I am a self-proclaimed control freak. I always have a plan, and if I can’t yet make one, I make a plan for planning. I am the queen of lists. For family camping trips, I have a four-quadrant list for each family member. For my planning addiction, COVID was a nightmare I didn’t see coming. Suddenly, I was unable to plan past the next week, let alone think about holidays or family vacations. I was plunged into the control freak’s worst nightmare.
After our first major lockdown and then loosening of restrictions, it came time to figure out what to do about school. There was no clarity about what our options were, whether we had to keep my son in Zoom Kindergarten or lose our spot at the coveted lottery school, or if we could defer a year. And then it hit me. I didn’t have control over this situation anymore and I just had to let it go. As any control freak will tell you, this was an uncomfortable moment. I had to lean in to that discomfort, breathe, and sing “Let it Go” to myself over and over.

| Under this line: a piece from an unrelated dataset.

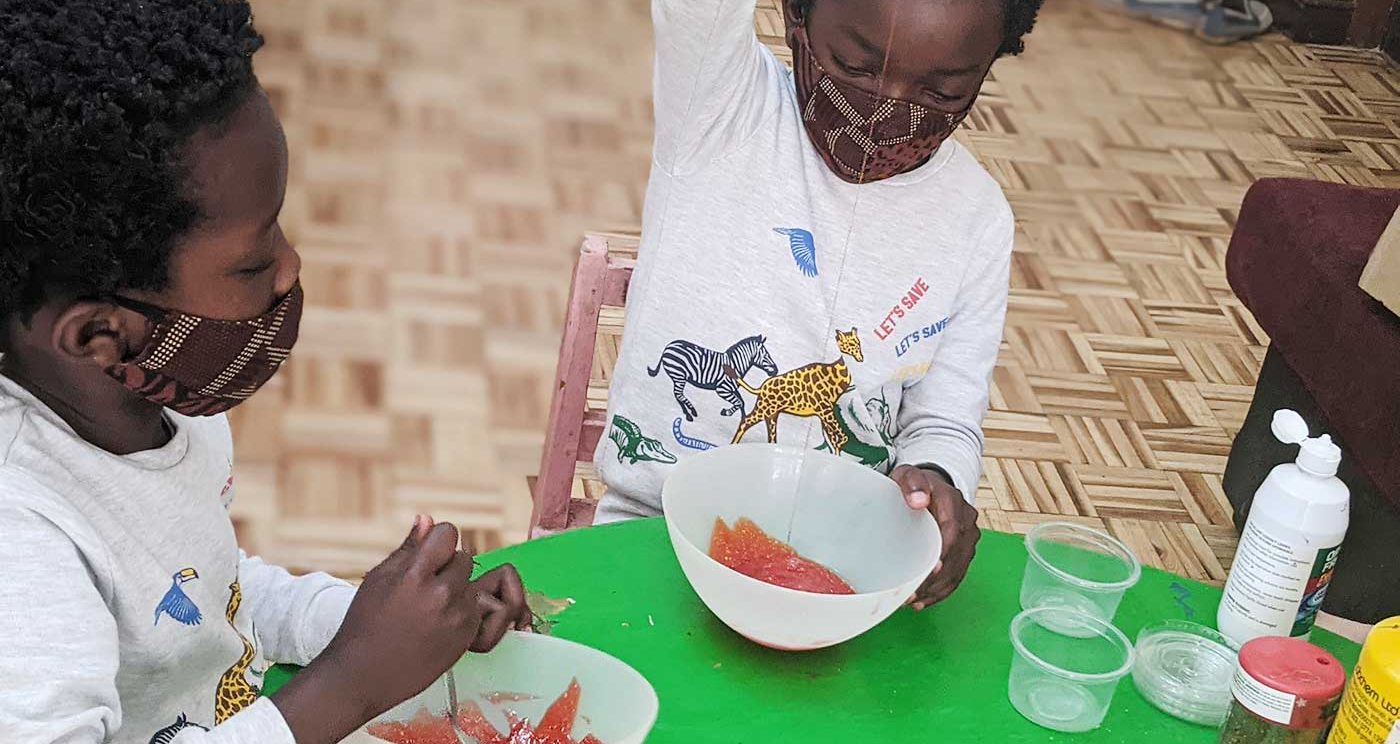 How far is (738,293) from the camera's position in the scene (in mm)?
1397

Somewhere along the twists and turns of COVID lockdowns, missed birthday parties, soccer games, and school closures, I started to realize I had to loosen my intense grip on defining every detail of our lives. COVID pried my fingers free one by one and told me no, you can’t beat me at this. You can’t predict what is going to happen, and you can’t stop this train. I realized painfully, that I needed to embrace my newfound lack of control. Slowly over time, I found myself singing my new theme song over sinks full of dishes and while picking up ten thousand Legos off the hardwood floor. I started to pull back from excelling at every aspect of my job and started picking my battles.
And something else emerged. I started to realize I was becoming a better mom.

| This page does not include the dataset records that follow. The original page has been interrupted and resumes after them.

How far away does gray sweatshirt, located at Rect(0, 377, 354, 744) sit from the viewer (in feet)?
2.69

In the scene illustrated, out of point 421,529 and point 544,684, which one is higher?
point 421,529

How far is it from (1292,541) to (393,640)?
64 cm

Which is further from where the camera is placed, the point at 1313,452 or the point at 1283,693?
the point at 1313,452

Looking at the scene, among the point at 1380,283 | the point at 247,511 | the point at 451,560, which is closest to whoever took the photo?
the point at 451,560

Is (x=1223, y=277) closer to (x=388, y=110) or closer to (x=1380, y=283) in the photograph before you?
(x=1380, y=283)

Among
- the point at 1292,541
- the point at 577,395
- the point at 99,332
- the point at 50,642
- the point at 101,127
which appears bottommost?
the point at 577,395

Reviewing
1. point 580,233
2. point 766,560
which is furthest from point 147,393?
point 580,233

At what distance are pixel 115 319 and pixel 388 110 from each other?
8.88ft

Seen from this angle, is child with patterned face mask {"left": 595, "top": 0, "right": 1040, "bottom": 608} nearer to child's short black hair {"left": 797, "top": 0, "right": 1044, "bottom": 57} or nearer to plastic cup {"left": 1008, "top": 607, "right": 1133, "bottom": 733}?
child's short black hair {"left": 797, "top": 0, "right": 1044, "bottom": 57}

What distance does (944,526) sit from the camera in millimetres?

In the slowing down of life, there was also a profound refocusing. No longer making lists to pack for my next business trip or the Pinterest worthy birthday party coming up in two months, I pulled out a cookbook and tried some new recipes. I made a fairy garden in the backyard with my six-year-old that took us all day one Saturday. I made pumpkin donuts and lit scented candles in the summer because fall is our favorite season. I listened when my four-year-old asked, “Mommy, will you snuggle with me?” and sat on the couch more often to watch TV.
I slowed down.
I really looked at my kids and listened to their questions and engaged in curiosity.
I continued working from home due to our inability to return to the office, and even though I missed wearing nice clothes and seeing my coworkers, I no longer had to choose work over my kids. Since I had my oldest son seven years ago, underneath my joy in being a mom was a persistent, nagging sense of guilt. Guilt for working full time, for putting my kids second when work was sending me off on yet another flight.

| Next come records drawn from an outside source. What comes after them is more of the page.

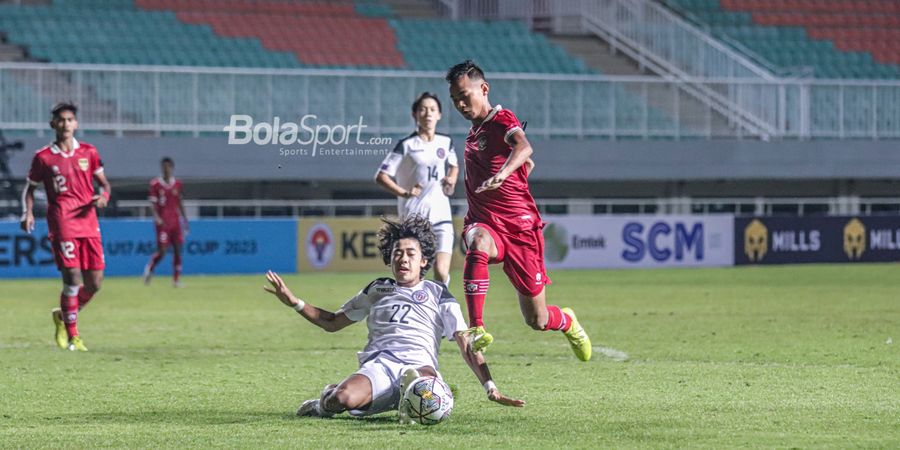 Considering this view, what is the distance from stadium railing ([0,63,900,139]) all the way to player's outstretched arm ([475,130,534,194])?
17.3 m

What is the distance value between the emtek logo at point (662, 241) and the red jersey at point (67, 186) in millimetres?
17281

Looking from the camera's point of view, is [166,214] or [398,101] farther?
[398,101]

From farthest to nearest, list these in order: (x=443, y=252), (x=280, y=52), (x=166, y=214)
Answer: (x=280, y=52) → (x=166, y=214) → (x=443, y=252)

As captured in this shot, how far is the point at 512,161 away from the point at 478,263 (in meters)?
0.72

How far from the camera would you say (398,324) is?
7.62 m

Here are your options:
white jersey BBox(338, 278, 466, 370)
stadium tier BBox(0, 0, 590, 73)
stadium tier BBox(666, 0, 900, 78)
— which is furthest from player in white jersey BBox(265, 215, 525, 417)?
stadium tier BBox(666, 0, 900, 78)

COVID grounded me both literally and figuratively. And my mom guilt evaporated.
When I was trapped on the treadmill of working outside my home and being a mom, always dropping one ball to pick up another, the most important thing to me was to always ask my kids how their day was and to make sure they felt loved by me every day. I told myself if I did that, it would be enough, even when I could barely make it all work. Now, I am more present with them than ever before. The noise of all those external pieces of my life is quieted, and I’m left with the clear sound of their voices. And it feels good.
I’m very fortunate to still be working from home, but some days are better than others. When my two boys get home from school at 3 in the afternoon, there are many days they watch TV or play video games for two hours before I finish calls and can finally emerge from my office to play and start dinner. But at least I am right there, not off on a trip sleeping alone in a hotel room missing them, torturing myself with guilt for being away for so long, compensating with list-making and party planning. I need only step out of my home office and right into their little world and leave work behind for the night, singing my theme song as I close the office door.